Play, Voice, Empathy, Understanding, and Art

Dustin Kidd - Philosophy of Research, Teaching, and Leadership

The building blocks for my work are play, voice, empathy, understanding, and art.

Play: Adults need to play as much as children do. We often forget that. Scholarly practice should include opportunities for tinkering, practicing, and experimenting. Play is written into most of my assignments. For instance, in my increasing use of social media in the classroom, I ask students to spend time playing—reading, following, and randomly posting—before they jump straight into performing the assignment. 



Voice: Being creative and communicating are natural parts of the human experience, but we all learn to communicate in specific ways for specific settings. So we have to constantly learn to understand our own voices in a variety of communication types—from email to tweets, from formal papers to memos. I work closely with my students and peers on discovering their voices in these different settings and I use iteration as the central tool for teaching communication and writing. Play allows students to experiment with new voices and push the boundaries of their communication styles. 

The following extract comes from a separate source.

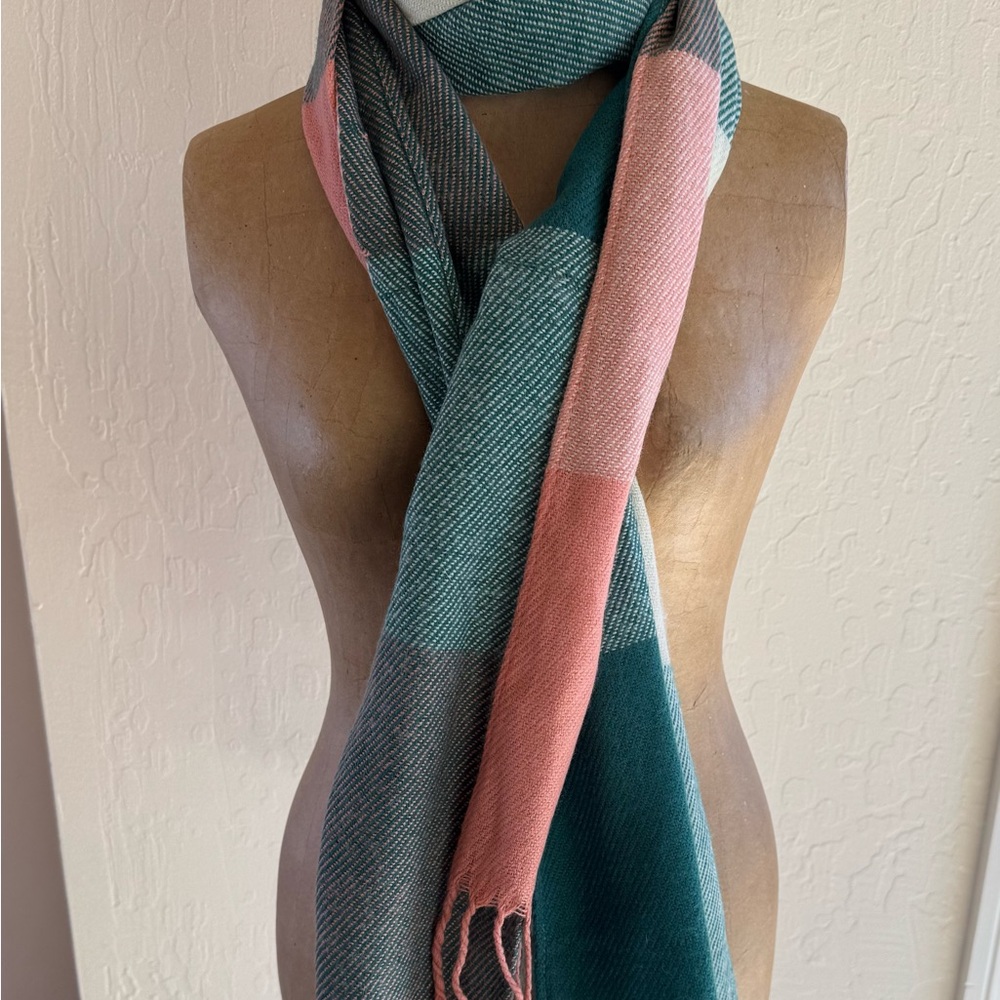 Beautiful Warm Scarf, Good Condition - Picture 2 of 4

Empathy: As we discover our own voices we must also listen to the voices of others. I emphasize the importance of empathy as an underlying tenet of sociology. We need to listen to each other and seek to understand why and how some people’s experiences are very different from our own, and we need to do so without judgment. Empathy begins with classroom discussion but it is also an important part of how students read and how they communicate.



Understanding: As we gain confidence in our voices and listen to others, we need a set of tools to understand how we stand in relationship to each other and how we all stand in relationship to the larger social world. I use understanding in the sense that Max Weber used the term verstehen, to refer to a deep awareness of the layers of meaning that define our lives and our social relationships. This sociological understanding allows us to respect our own voices while also empathizing with very different viewpoints. 

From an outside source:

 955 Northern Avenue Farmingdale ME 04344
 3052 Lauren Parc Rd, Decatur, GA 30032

Art: The greatest form of literacy is to make art. The best way for us to understand the world is to act on it and become makers of culture. Art is social action and it is the logical outcome of sociological study. It can take the form of an essay, a Pinterest board, a performance, or the authorship of a scholarly paper. I teach my students to become makers and artists who incorporate their understanding of the world into projects that build and transform the world.